= Tortuca =

Dutch literature and arts magazine

Tortuca is a Dutch literature and arts magazine published in Rotterdam and available in the Netherlands and Belgium. The name Tortuca has been derived from the mediaeval poem about turtles in Der naturen bloeme from the Flemish writer and poet Jacob van Maerlant.

==History and profile==
Founded in 1997 by Herbert Verhey and Bas Kwakman as Tortuca Private Press, the name was changed to Tortuca, literature and arts prior to the publication of the first magazine in 1997 [Tortuca 1, Autumn MCMXCVI] and extending the board of editors with musicians, artists and writers.

The pocketbook-size shaped magazine has no illustrations on the cover (only the colour changes per issue) and well balanced and coherent typography in the interior with use of the typefaces Bodoni and Garamond. Apart from prose (short stories) and poetry, Tortuca contains a wide variety of art: from pencil-sketches and photography to designs for curtains and technical drawings.

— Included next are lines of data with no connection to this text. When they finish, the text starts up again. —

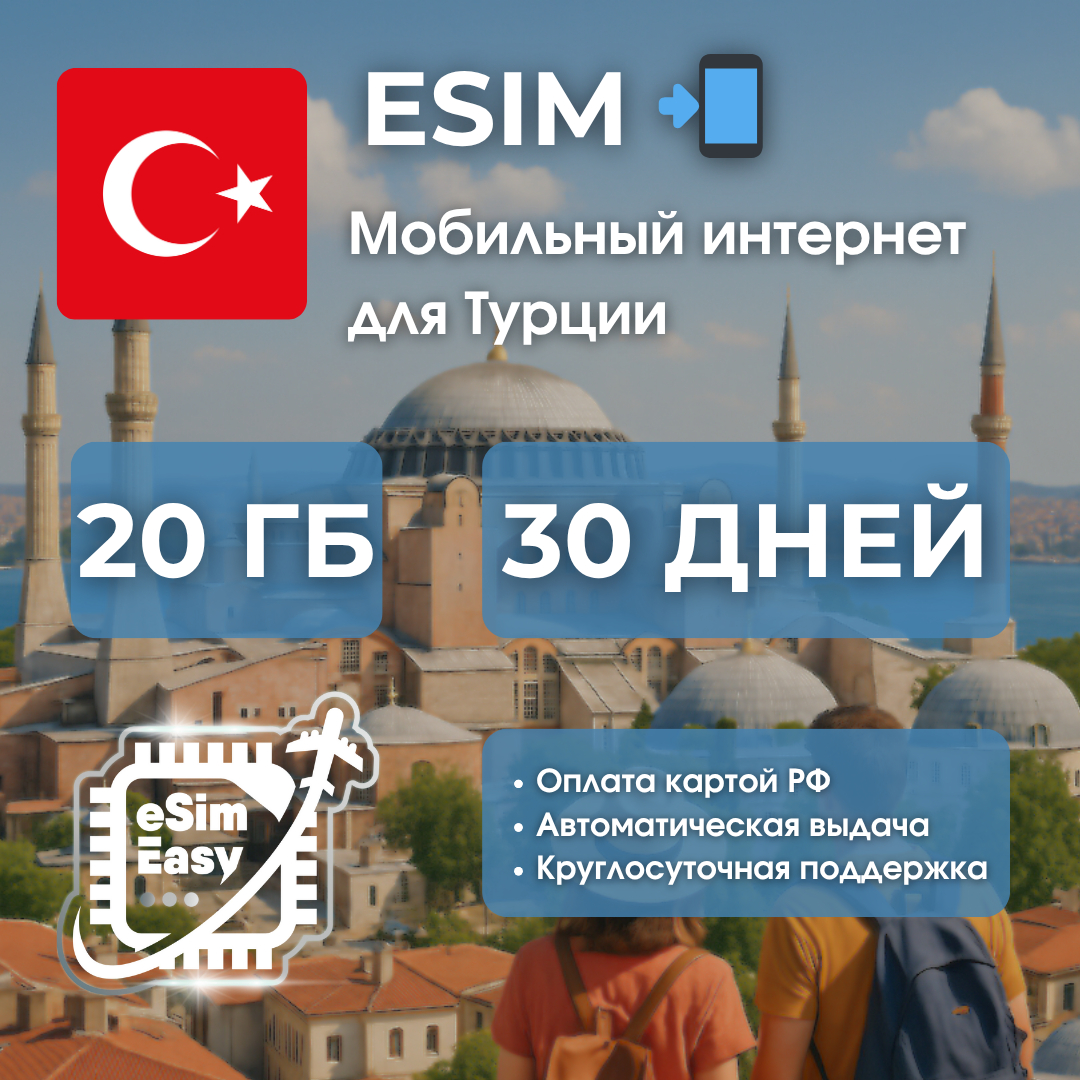 ESIM, 20 Гб на 30 дней, для интернета в Турции, для телефона и планшета, 4G, 3G, электронный ключ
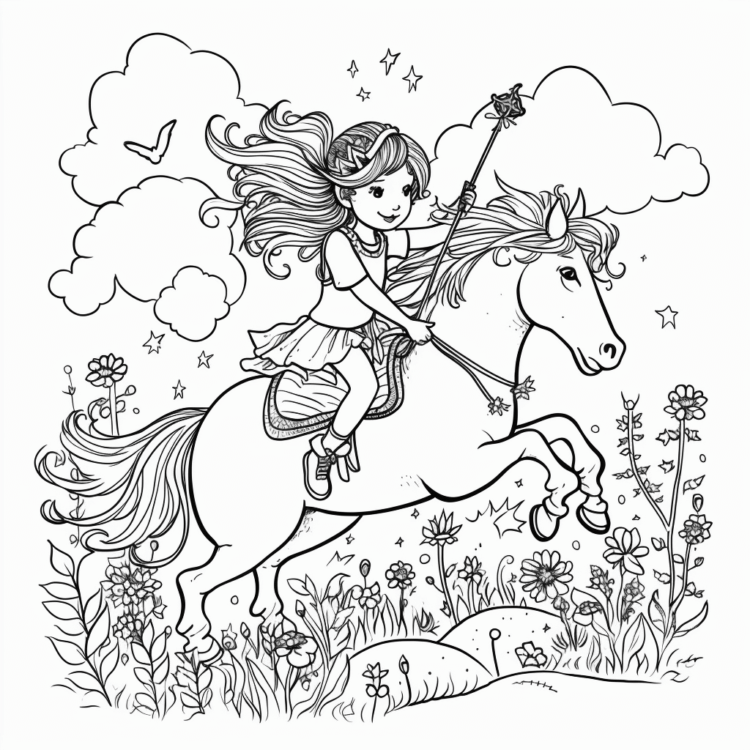 Dibujo para colorear hada unicornio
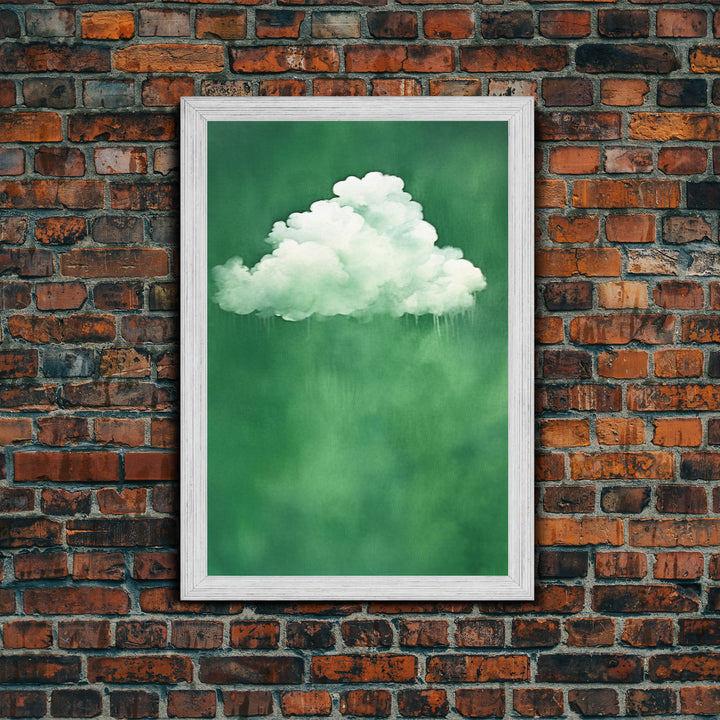 Emerald Green Rain Cloud Wall Art, Framed Canvas Or Poster Print, Abstract Art Print, Minimalist Wall Decor, Maximalist Decor, Dark Green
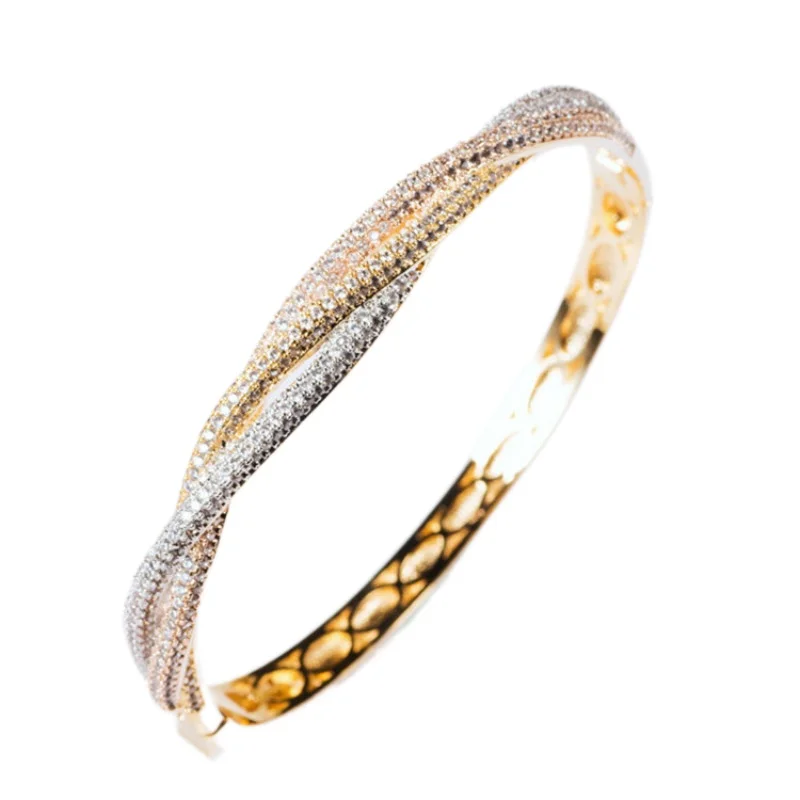 

Shining Full Rhinestone CZ Three Colors Knitting Bangle For Women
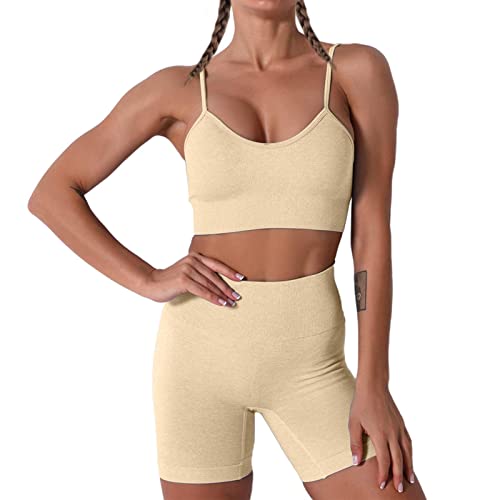 Damen Workout Outfits Yoga Set 2 teiliges,Camisole Nahtlos Gerippt Sport BH Damen Trainingsanzüge+Shorts Training Tights Shape Stretch Sport Outfit Gym Fitness Kleidung khaki S von YR.Lover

Every issue has a special item like a leporello with selfportraits of Aad Donker on a long strip of paper [Tortuca 8, MCMXCIX, p. 51], the tombstone of Rainer Maria Rilke's grave with twelve translations of his 'untranslatable' epitaph [Tortuca 10, MM, p. 25] or a removable booklet with lyrics by Valentin Silvestrov [Tortuca 14, MMII, p. 20].

Tortuca is also the publisher of Testudo (novels, [translated-] poetry, short stories and prose), Tortuca Cahier [short stories, theatre plays, or exceptional subjects) and Tortuca Vestzak (miniature books).